Papież pewnie wolałby przeznaczyć pieniądze na coś innego niż pomniki, które w wielu przypadkach są tandetami. Podobno Jan Paweł II powiedział, żeby nie budować pomników tylko zrobić coś dobrego dla ludzi (sam cytat bardzo mocno pachnie miejską legendą - ja sam słyszałem wersję, że wolałby, aby Polacy budowali hospicja i szpitale im. Jana Pawła II niż pomniki na jego cześć). Nie zważając jednak na prawdziwość tych słów, można spokojnie przyjąć, że budowane już za życia Karola Wojtyły pomniki mogły być źle postrzegane przez niego samego. Podobnie liczne obrazki z wizerunkiem papieża, książki poświęcone jego naukom, gazety, które powielają biografię Jana Pawła II... Mówiąc brzydko, jeszcze trochę, a papież wyskoczy nam z lodówki, ponieważ jakiś handlarz w celu zwiększenia dochodu zacznie sprzedawać kremówki wadowickie, a na opakowaniu będzie papież.

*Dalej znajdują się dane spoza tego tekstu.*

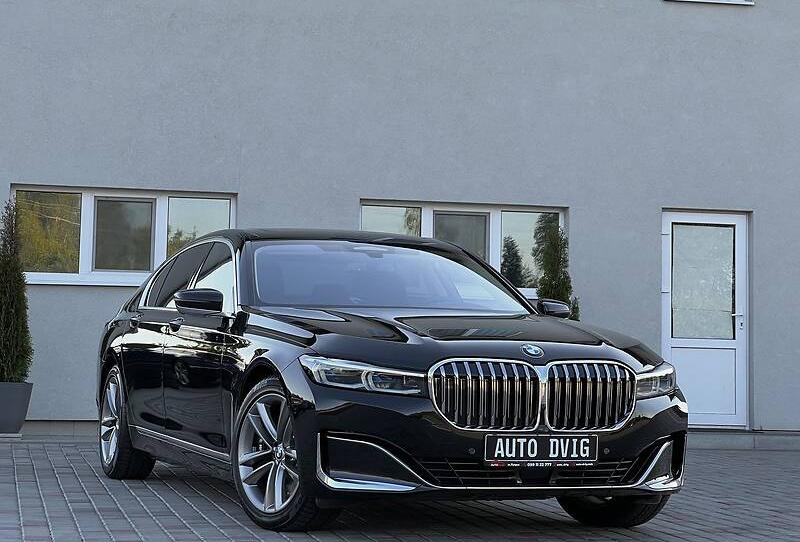 BMW 740 XD LASER  2020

A co z antywojtylizmem? Rzecz jasna należy oddzielić krytykę jego niektórych działań (nie oszukujmy się, Jan Paweł II jak my był człowiekiem i miał prawo popełniać błędy) oraz jasnych oszczerstw, żałosnych kpin i bezpodstawnych oskarżeń. Wśród zwykłej krytyki, nie przekreślającej całkowicie dokonań Jana Pawła II można zaliczyć np  np. zupełnie inne podejście do kanonizacji i beatyfikacji u Papieża Benedykta XVI, który mówił, że Jan Paweł II doprowadził do "inflacji błogosławionych i świętych". Z jednej strony, jeśli ktoś za życia był dobry, to według chrześcijan trafił do nieba i został automatycznie świętym. Z drugiej, skoro istnieje taka zasada, to robienie sztucznej listy wyróżniającej liczbę świętych i błogosławionych było stratą czasu.

Do tej kpiarskiej, żenującej itd., które powinny lądować nie w Internecie tylko na biurku prokuratora z dopiskiem "Doniesienie o popełnieniu przestępstwa" można np. zamieścić filmiki tworzone przez tzw. karaczanów, czyli przez grupę osób, które są związane z portalem pl.vichan.net, których głównym zadaniem jest ubliżanie każdemu. Do większych akcji karaczanów należą m.in. obrażanie rodziny Filipa Chajzera dzień po śmierci jego 10-letniego syna, wspominanie filmy czy też liczne włamania na strony różnych uczelni. Dodatkowo użytkownicy aby odciągnąć od nich uwagę, podpisują się jako użytkownicy wykop.pl, przez co niektórzy nieusłużnie obrażają wykop o obrażanie papieża. Ataki na papieża pochodzą też z środowisk lewicowych. Feministki np. oskarżają papieża o zakaz stosowania antykoncepcji, uszaty Urban kpi z papieża i jego kultu. Przypadków jest dużo. Wśród żenujących filmów atakujących papieża, jest np. to (sam film zgłosiłem ze względu na ataki na papieża, ale niestety nie doczekałem się reakcji).


Niezależnie od tego, czy papież jest traktowany jak Matka Boska lub za pedofila, obie strony przeginają pałę. Jedną należy temperować naukami papieża, które krytykują Polaków za zbytnie skupienie się na jego naukach niż na czynieniu droga, a drugich należy wytępić poprzez zgłoszenia do moderatora/prokuratury/rodziców dzieciaka, który szalkuje papieża.